Eine "erschreckende Bilanz" hat die Stadtverwaltung nach Testkäufen mit Jugendlichen gezogen. In vielen Betrieben im Stadtgebiet wurde unter 18-Jährigen Alkohol verkauft.

HUM |

In 33 von 57 überprüften Betrieben im Stadtgebiet Ulm wie in Supermärkten, Getränkemärkten, Kiosken und Tankstellen haben Jugendliche Alkohol bekommen - und zwar scharfen Alkohol wie vorzugsweise offenbar Mixgetränke, in denen ein hoher Anteil von Schnäpsen enthalten sind. Dabei dürfen diese Getränke nicht an Minderjährige abgegeben werden. Weniger als die Hälfte - nur 42 Prozent - der kontrollierten Verkaufsstellen hielten sich an die Vorschriften des Jugendschutzgesetzes. Das Fazit der Stadtverwaltung: Jugendliche kommen immer noch ziemlich leicht an Alkohol und Zigaretten. Selbst in Supermärkten, wie es in der Mitteilung weiter heißt, die auf ihre Jugendschutzkontrollen plakativ hinweisen würden, erhielten die Testkäufer "branntweinartige Getränke".
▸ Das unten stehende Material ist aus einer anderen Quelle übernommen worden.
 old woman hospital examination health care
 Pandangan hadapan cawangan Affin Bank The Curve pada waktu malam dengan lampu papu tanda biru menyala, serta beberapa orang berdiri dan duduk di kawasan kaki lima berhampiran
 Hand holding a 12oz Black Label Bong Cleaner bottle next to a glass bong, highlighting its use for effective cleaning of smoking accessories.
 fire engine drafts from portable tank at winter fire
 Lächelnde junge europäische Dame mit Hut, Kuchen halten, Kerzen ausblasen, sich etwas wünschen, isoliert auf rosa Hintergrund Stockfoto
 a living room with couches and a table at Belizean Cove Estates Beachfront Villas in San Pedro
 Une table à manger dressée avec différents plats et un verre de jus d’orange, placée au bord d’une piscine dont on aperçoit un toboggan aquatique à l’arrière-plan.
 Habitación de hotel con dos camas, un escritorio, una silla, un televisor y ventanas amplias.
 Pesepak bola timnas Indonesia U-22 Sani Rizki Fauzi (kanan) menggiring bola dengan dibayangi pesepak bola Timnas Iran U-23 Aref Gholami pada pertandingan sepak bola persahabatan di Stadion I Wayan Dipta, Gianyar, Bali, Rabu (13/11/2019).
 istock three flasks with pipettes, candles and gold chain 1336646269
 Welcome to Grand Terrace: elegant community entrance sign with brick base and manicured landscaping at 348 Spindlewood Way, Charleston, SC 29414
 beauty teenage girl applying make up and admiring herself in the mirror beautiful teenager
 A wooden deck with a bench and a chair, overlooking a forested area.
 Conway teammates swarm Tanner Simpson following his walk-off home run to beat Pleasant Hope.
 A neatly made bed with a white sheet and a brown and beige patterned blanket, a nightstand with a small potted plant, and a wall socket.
Häufig sei weder nach dem Alter der Personen gefragt oder der Ausweis verlangt worden, wird Stefan Miltz zitiert, der bei der Stadt für die Testkäufe verantwortlich ist. In einem Fall bekam ein 17-jähriger Testkäufer sogar trotz Vorlage seines Ausweises harten Alkohol verkauft. Wegen der schlechten Bilanz kündigen Polizei und Stadtverwaltung an, die Testkäufe auch in Zukunft fortsetzen zu wollen. Gegen die Händler beziehungsweise deren Angestellte wurden Bußgelder bis zu 2000 Euro verhängt.